When something is supposed to work and it fails, it just doesn't work. The object doesn't cease be there, sitting around not workingg. But our capitalism is hurt. Our sense that money can buy progress is shaken, and waivers. And goodie goodie. The object works so our money works. The object breaks, our money breaks.
I'm very suspicious of the idea that a poem can fail. Sure, some poems get at their objective better than others; some are more precise, more poignant, more acerbic, funnier, more ambitious etc. Some even have wide audiences. But this notion, that a poem can fail, really only seems written into writing that doesn't make the bestseller list after getting big fat advancey paychecks.
The reason I'm interested in this idea is because it betrays (is treasonous towards) hubris and certainty. Just when you think you've got it, a downward spiral. The ambiguity of failure means another poem and another, which isn't failure at all. No writer can really know whether or not something isn't failing until it works. But if there's no one around, there's no forest, and certainly no failure.
So failure might exist, but only socially. Nothing fails in and of itself. So, for today, dear reader(s), I'm going to write something that fails, and not because I'm looking to make The Times list, but because I'm going to write something that fails and fails good. Like this, perhaps.
4 comments:
Of course poetry can fail. If it is poorly written, or poorly conceived, or does not communicate what the author intended to communicate. To say that poetry can't fail is to fall into the egalitarianist trap that there is no better or worse. Well, there is better and worse poetry. There has been better and worse poetry since before capitalism (which seems to be everyone's excuse for everything). I suspect that only failed poets don't believe in failed poetry. It's a way to boost your self-esteem without having to actually improve.
Troy,
Conflating the failure/success scale with worse/better seems mistaken: not everything that fails is worse. And this is precisely what I'm touching on in the post, that not because of, but perhaps due to our ever-increasing involvement in a system that opts, in many (not all) cases for efficiency over quality, the better is sometimes left behind. But perhaps this is what you mean by saying that there has been "better and worse poetry since before capitalism" (in my initial post you should note that I never once mentioned "capitalism"). Of course there has always been good and bad poetry. But we judge the failure/success of poems differently in the post period than in the pre-.

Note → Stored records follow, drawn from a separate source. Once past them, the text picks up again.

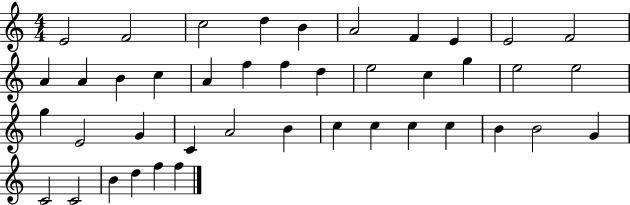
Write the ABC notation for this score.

X:1
T:Untitled
M:4/4
L:1/4
K:C
E2 F2 c2 d B A2 F E E2 F2 A A B c A f f d e2 c g e2 e2 g E2 G C A2 B c c c c B B2 G C2 C2 B d f f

Moreover, I think you might want to reexamine your statement that "I suspect that only failed poets don't believe in failed poetry." Now, if I agree, then I'm a failed poet. If I disagree, then I risk being wrong. Which makes me wonder, does it seem more logical that failed poets wouldn't believe that they exist than believing that they do?
Nice post. However, what about poems that are intended to fail? Can they fail, or no?
also, what about poems like The Bridge that are really good but that clearly don't do the things they say they're going to do (because their stated objectives are impossible, perhaps, or because they seem to lack sufficeint formals means). Do they fail? Or is it just the reader who fails to get them to do what they're supposed to?
Stan,
Can they fail if intended? I mean, sure, they can, if we wish them to. But --and not to turn the argument around-- if we wish them to fail, have WE failed?
Also, The Cantos clearly didn't do what Pound wanted them to do, but they aren't a failure by any means...Perhaps we can say that politically, Pound failed. But not artistically...
I think there's a chance that the reader might not "get" a lot of things, or that the this reader doesn't "get the poem to do" what they want it to do. But to call this failure implies that the poem only has one objective: to pass. Poetry's objective might be more than that (like you said, to fail or even to bore and be "uncreative"). And this speaks to the reader not getting the poem to do what he/she wants it to do...like a greased pig, poetry.